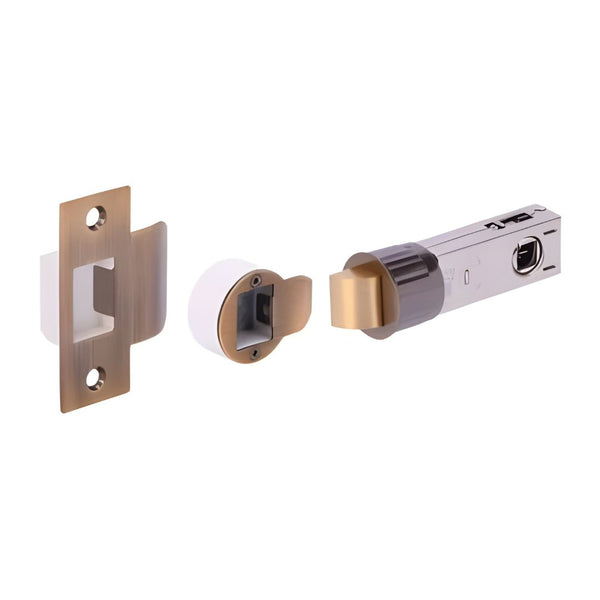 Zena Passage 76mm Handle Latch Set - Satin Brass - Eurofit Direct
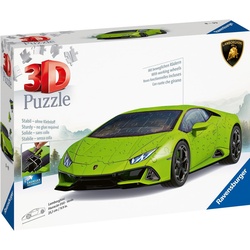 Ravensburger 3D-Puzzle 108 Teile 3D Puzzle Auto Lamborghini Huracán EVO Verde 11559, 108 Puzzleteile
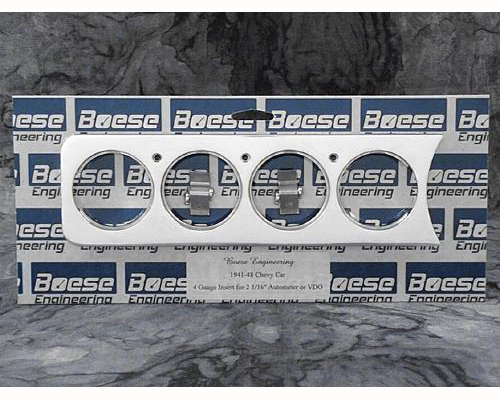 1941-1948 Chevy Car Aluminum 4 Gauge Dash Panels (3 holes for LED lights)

___

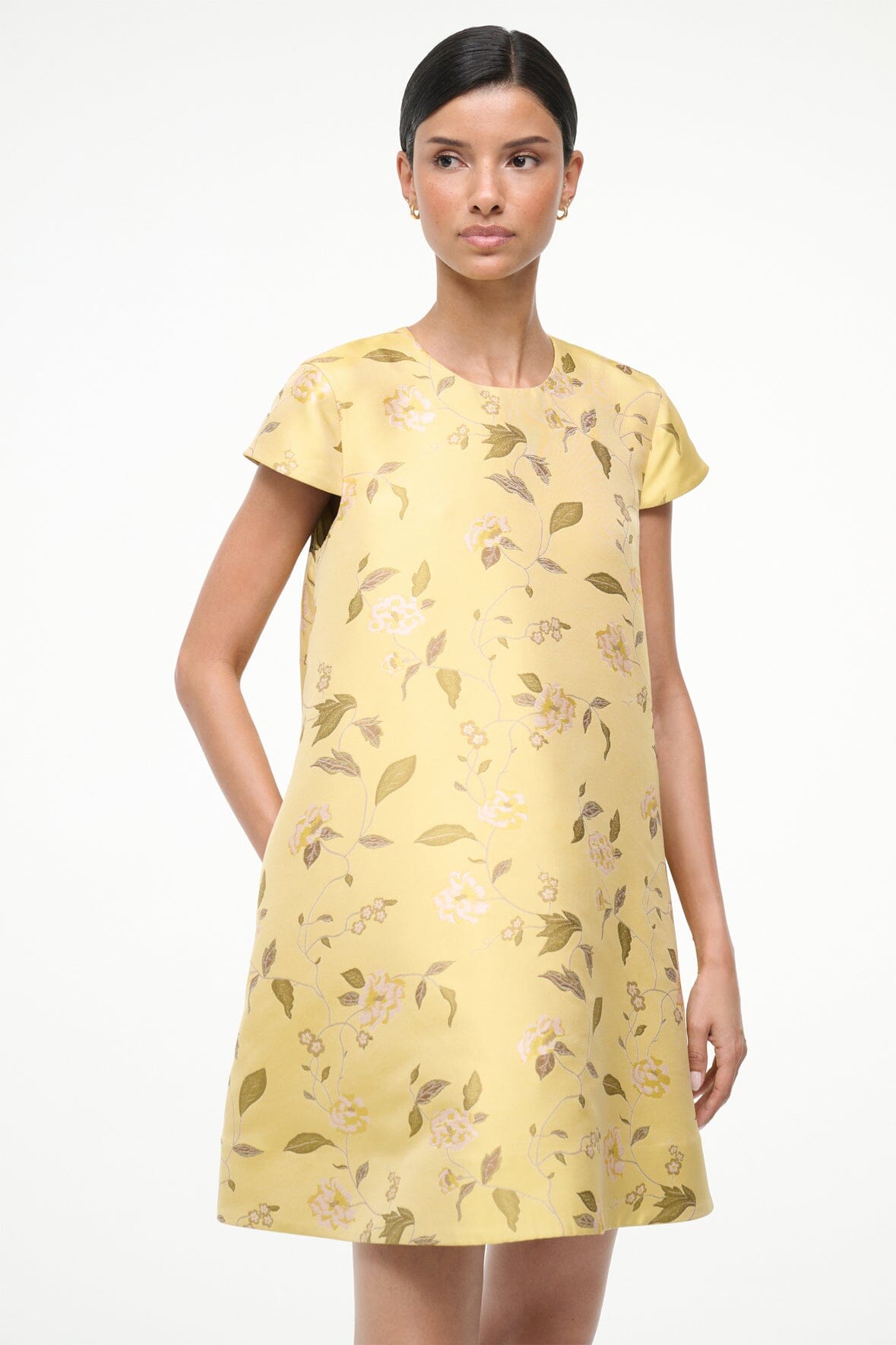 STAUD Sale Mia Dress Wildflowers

___

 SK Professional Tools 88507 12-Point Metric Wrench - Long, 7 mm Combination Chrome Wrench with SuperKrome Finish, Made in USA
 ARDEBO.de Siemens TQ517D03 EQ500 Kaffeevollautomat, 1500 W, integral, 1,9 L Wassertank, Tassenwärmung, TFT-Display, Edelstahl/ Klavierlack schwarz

___

PROBLEM: Using the data above, retype exactly the lines from the line with "Zena Passage 76mm" to the line with "1941-1948 Chevy Car", inclusive. No pictures and nothing else.

RESPONSE BELOW:
 Zena Passage 76mm Handle Latch Set - Satin Brass - Eurofit Direct
 Ravensburger 3D-Puzzle 108 Teile 3D Puzzle Auto Lamborghini Huracán EVO Verde 11559, 108 Puzzleteile
 1941-1948 Chevy Car Aluminum 4 Gauge Dash Panels (3 holes for LED lights)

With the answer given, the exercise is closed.